Note: Double Crown closed in August 2011. It was replaced by Saxon & Parole with the same chef (Brad Farmerie), focusing on game and domestic meats.

*

This has happened to all of us: you get to the restaurant, and the host asks you to wait at the bar until your party is complete.

What happened last night at Double Crown took arrogance and audacity to new heights. When I arrived, the host said:

Your guest is here. She went to the ladies’ room. When she gets back, I’ll take you to your table. Feel free to wait at the bar.

This was in a practically empty dining room.

In a busy, casual restaurant, I respect the policy of not seating incomplete parties. Why should the host keep someone else waiting, while I sit at a half-empty table, waiting for guests who may never show up, or who could be considerably delayed?

But Double Crown wasn’t busy, and my date had arrived. Asking me to wait at the bar in that situation is beyond absurd.

Beyond that was a loud sound track that made pleasant conversation difficult; a hackneyed faux Asian décor phoned in by the folks of AvroKO, who’ve done better work elsewhere; and a Vongerichten lite fusion menu that seems to have lost its focus since Frank Bruni awarded two grade-inflated stars in 2008.

The website claims that, “Double Crown explores the aesthetic and culinary dualities arising from the British Empire’s forays into Southeast Asia.” The British influences have disappeared, assuming they existed in the first place. What we have now is pan-Asian miscellany, filtered through an East Village twenty-something comfort food lens.

At least it is not terribly expensive. Most appetizers are $13 or less, most entrées $27 or less. Cocktails were $12, including a great chipotle sour made with three kinds of whisky. That passes for a bargain in Manhattan these days. Bread service (below left) was pretty good too, with two kinds of rolls and soft butter.

A whole braised short rib for two, served on the bone ($44; above right), and coated with an unspecified spice mix, was tender and flavorful, but short rib is hard to mess up if you braise it long enough. I realize that braised meats are prepared long in advance, but this came out literally five minutes after we ordered it—before the wine was poured, in fact. It came with a decent Asian mushroom salad.

The wine list, printed on the back of the menu, is a grab bag with no particular focus. There’s an ample selection of inexpensive bottles, or you can go into the triple digits for bottles that I couldn’t imagine drinking with this food. A 2007 Weninger Zweigelt at $36 was one of the more enjoyable inexpensive bottles I’ve seen in quite some time.

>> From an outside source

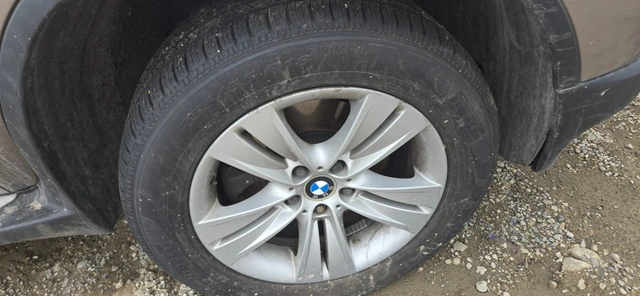255/5518 Pirelli Scorpion All Season Wheel + Tires - 2007 BMW X5, dovoz Kanada — foto 1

The server kept the wine on a counter away from the table, and I wondered if she’d be attentive enough to keep our glasses charged. Surprisingly, she was. But after the wine was finished, and we wanted our bill, she was nowhere to be seen.

When Double Crown opened, the Bowery was just beginning to sow its oats as a dining destination. Nowadays, if you’re in the area, Pulino’s, DBGB, or Peels are all better bets. And if you have a hankering for Chef Brad Farmerie’s best work, Michelin-starred Public and The Monday Room aren’t far away.

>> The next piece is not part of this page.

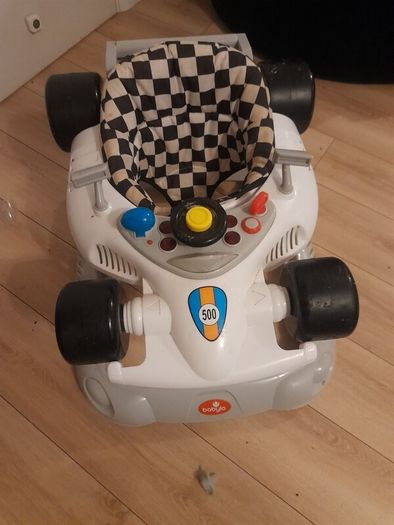 baby walker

Those are all better options than Double Crown.

Double Crown (316 Bowery at Bleecker Street, NoLIta/East VIllage)

Food: Satisfactory
Service: Uneven
Ambiance: Loud and Hackneyed
Overall: No Stars

Tuesday
Jun142011

DBGB

On a recent visit to Daniel Boulud’s newest restaurant, Boulud Sud, I was struck by the consistent solidity of the chef’s restaurants.

Have there been wobbly moments? Yes, of course. Have the food and service always been precisely as they should be? No, of course not. But still, I find Boulud’s establishments more reliable than those of any other chef or restaurateur who has as many places as he does—except, perhaps, Danny Meyer.

Unlike Meyer’s empire, there is no one in Boulud’s large empire who is the obvious public frontman for the service end of the business, although he or she must exist: restaurants don’t keep executing at this level by magic, and Boulud himself could hardly be keeping track of them all.

Two years ago, my first visit to DBGB, the most casual restaurant in Boulud’s brood, had some hits and misses, but the restaurant then was nearly brand new, and so packed you could barely move. Sam Sifton came along and gave it two stars, which we thought was on the high side.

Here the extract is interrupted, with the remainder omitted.